> **WORK REQUIRED**
Excluding all pictures, please output the listing exactly.

> **INFORMATION PROVIDED**

┏━━

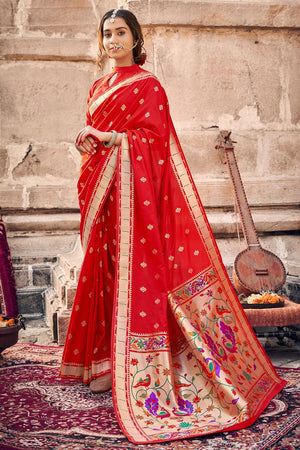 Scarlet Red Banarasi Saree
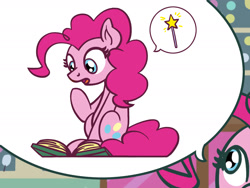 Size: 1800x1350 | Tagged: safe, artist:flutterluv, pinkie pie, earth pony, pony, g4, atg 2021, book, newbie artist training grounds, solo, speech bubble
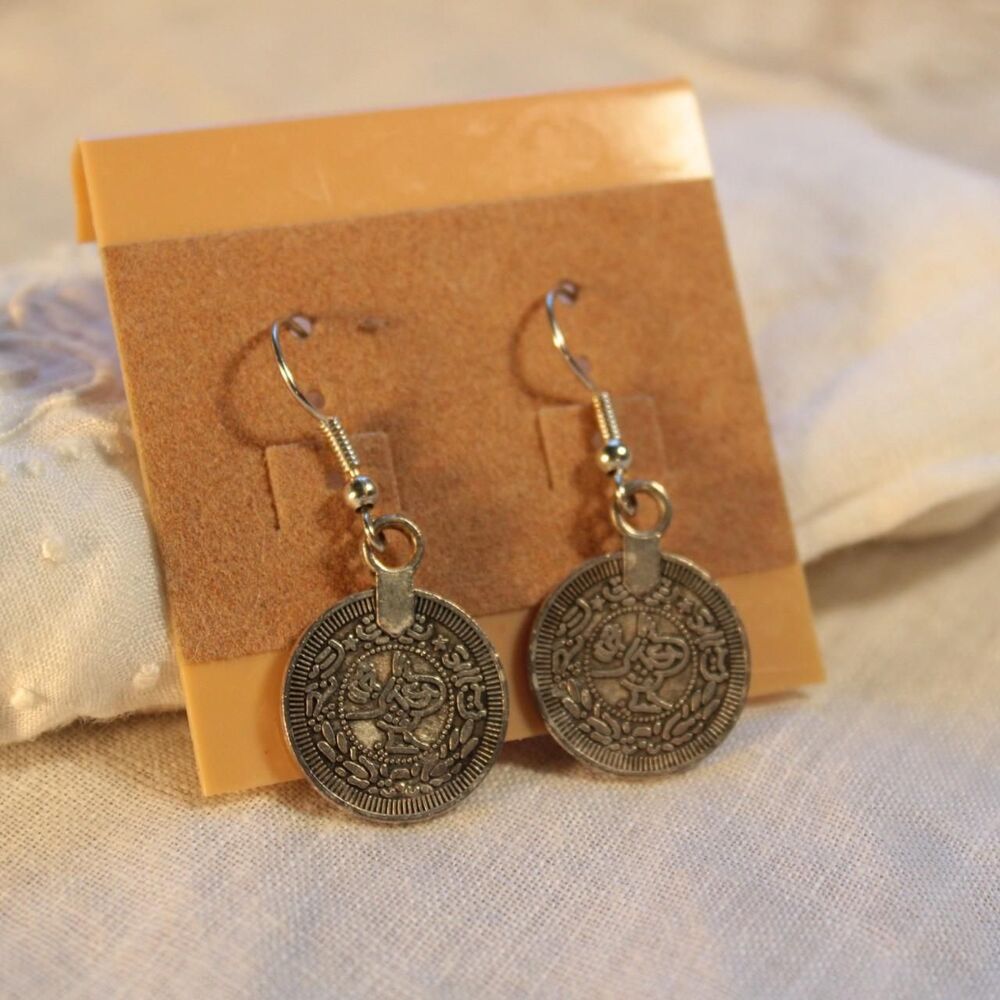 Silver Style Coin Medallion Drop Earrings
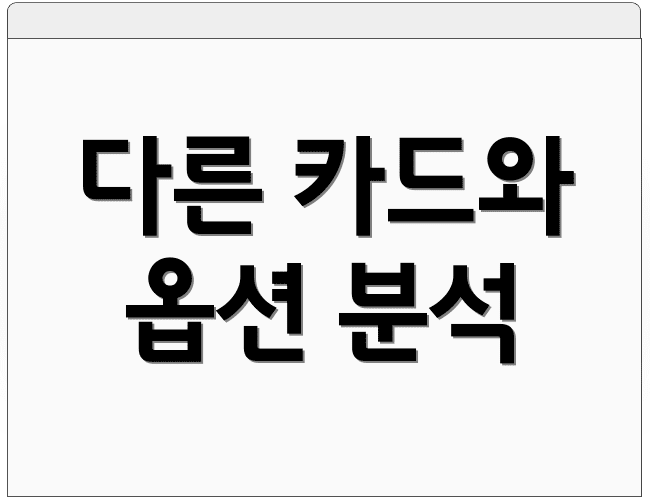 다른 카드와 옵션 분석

┗━━

> **WORKED SOLUTION**
 Scarlet Red Banarasi Saree
 Size: 1800x1350 | Tagged: safe, artist:flutterluv, pinkie pie, earth pony, pony, g4, atg 2021, book, newbie artist training grounds, solo, speech bubble
 Silver Style Coin Medallion Drop Earrings
 다른 카드와 옵션 분석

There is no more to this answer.